▸ YOUR INSTRUCTIONS
Below are entries; output exactly the lines from the one with "LED Wachsen Lampen" to the one with "Maxi Dress: Sleeveless", both included, and nothing else.

▸ RECORDS FOR PROCESSING
########

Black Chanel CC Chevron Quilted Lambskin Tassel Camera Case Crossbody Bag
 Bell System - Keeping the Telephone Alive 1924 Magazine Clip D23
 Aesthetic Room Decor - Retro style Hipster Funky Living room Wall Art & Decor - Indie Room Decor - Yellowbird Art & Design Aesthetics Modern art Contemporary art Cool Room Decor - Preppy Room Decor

########

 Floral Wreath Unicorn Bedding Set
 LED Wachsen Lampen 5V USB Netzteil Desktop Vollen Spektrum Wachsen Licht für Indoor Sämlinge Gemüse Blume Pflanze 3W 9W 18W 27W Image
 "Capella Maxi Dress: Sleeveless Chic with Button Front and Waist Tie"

########

▸ FINISHED EXERCISE
 LED Wachsen Lampen 5V USB Netzteil Desktop Vollen Spektrum Wachsen Licht für Indoor Sämlinge Gemüse Blume Pflanze 3W 9W 18W 27W Image
 "Capella Maxi Dress: Sleeveless Chic with Button Front and Waist Tie"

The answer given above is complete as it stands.